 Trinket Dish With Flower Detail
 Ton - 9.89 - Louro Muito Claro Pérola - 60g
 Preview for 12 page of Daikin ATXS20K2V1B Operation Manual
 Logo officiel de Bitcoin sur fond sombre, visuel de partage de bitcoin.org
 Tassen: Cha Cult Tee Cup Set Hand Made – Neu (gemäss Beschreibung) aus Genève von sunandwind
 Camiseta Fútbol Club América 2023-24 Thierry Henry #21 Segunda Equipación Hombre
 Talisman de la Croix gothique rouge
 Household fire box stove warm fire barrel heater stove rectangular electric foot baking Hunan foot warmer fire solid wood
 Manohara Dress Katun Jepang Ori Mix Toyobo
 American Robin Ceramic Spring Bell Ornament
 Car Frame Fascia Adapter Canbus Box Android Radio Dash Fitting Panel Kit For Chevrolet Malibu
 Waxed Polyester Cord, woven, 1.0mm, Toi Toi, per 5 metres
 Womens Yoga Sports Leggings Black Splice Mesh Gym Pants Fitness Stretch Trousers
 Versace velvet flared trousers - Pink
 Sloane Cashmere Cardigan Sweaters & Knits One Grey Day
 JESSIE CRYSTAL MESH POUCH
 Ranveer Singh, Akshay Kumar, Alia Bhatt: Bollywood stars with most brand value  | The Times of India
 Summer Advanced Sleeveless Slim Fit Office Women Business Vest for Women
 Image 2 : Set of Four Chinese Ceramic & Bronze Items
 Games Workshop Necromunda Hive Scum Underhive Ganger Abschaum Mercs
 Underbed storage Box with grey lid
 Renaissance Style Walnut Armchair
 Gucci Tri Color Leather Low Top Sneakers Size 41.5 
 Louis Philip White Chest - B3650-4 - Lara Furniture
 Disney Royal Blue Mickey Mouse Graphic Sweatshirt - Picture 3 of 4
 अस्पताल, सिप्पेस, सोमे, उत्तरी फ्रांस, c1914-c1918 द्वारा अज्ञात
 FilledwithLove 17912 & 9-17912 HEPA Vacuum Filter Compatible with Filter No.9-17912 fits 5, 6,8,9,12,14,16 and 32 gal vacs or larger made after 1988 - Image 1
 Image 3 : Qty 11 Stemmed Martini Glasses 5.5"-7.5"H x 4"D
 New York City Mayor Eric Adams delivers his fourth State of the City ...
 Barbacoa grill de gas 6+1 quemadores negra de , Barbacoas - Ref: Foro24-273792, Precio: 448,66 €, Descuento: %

——————————

Work required =>
Repeat, word for word, all of the data shown above.

Answer for the task =>
 Trinket Dish With Flower Detail
 Ton - 9.89 - Louro Muito Claro Pérola - 60g
 Preview for 12 page of Daikin ATXS20K2V1B Operation Manual
 Logo officiel de Bitcoin sur fond sombre, visuel de partage de bitcoin.org
 Tassen: Cha Cult Tee Cup Set Hand Made – Neu (gemäss Beschreibung) aus Genève von sunandwind
 Camiseta Fútbol Club América 2023-24 Thierry Henry #21 Segunda Equipación Hombre
 Talisman de la Croix gothique rouge
 Household fire box stove warm fire barrel heater stove rectangular electric foot baking Hunan foot warmer fire solid wood
 Manohara Dress Katun Jepang Ori Mix Toyobo
 American Robin Ceramic Spring Bell Ornament
 Car Frame Fascia Adapter Canbus Box Android Radio Dash Fitting Panel Kit For Chevrolet Malibu
 Waxed Polyester Cord, woven, 1.0mm, Toi Toi, per 5 metres
 Womens Yoga Sports Leggings Black Splice Mesh Gym Pants Fitness Stretch Trousers
 Versace velvet flared trousers - Pink
 Sloane Cashmere Cardigan Sweaters & Knits One Grey Day
 JESSIE CRYSTAL MESH POUCH
 Ranveer Singh, Akshay Kumar, Alia Bhatt: Bollywood stars with most brand value  | The Times of India
 Summer Advanced Sleeveless Slim Fit Office Women Business Vest for Women
 Image 2 : Set of Four Chinese Ceramic & Bronze Items
 Games Workshop Necromunda Hive Scum Underhive Ganger Abschaum Mercs
 Underbed storage Box with grey lid
 Renaissance Style Walnut Armchair
 Gucci Tri Color Leather Low Top Sneakers Size 41.5 
 Louis Philip White Chest - B3650-4 - Lara Furniture
 Disney Royal Blue Mickey Mouse Graphic Sweatshirt - Picture 3 of 4
 अस्पताल, सिप्पेस, सोमे, उत्तरी फ्रांस, c1914-c1918 द्वारा अज्ञात
 FilledwithLove 17912 & 9-17912 HEPA Vacuum Filter Compatible with Filter No.9-17912 fits 5, 6,8,9,12,14,16 and 32 gal vacs or larger made after 1988 - Image 1
 Image 3 : Qty 11 Stemmed Martini Glasses 5.5"-7.5"H x 4"D
 New York City Mayor Eric Adams delivers his fourth State of the City ...
 Barbacoa grill de gas 6+1 quemadores negra de , Barbacoas - Ref: Foro24-273792, Precio: 448,66 €, Descuento: %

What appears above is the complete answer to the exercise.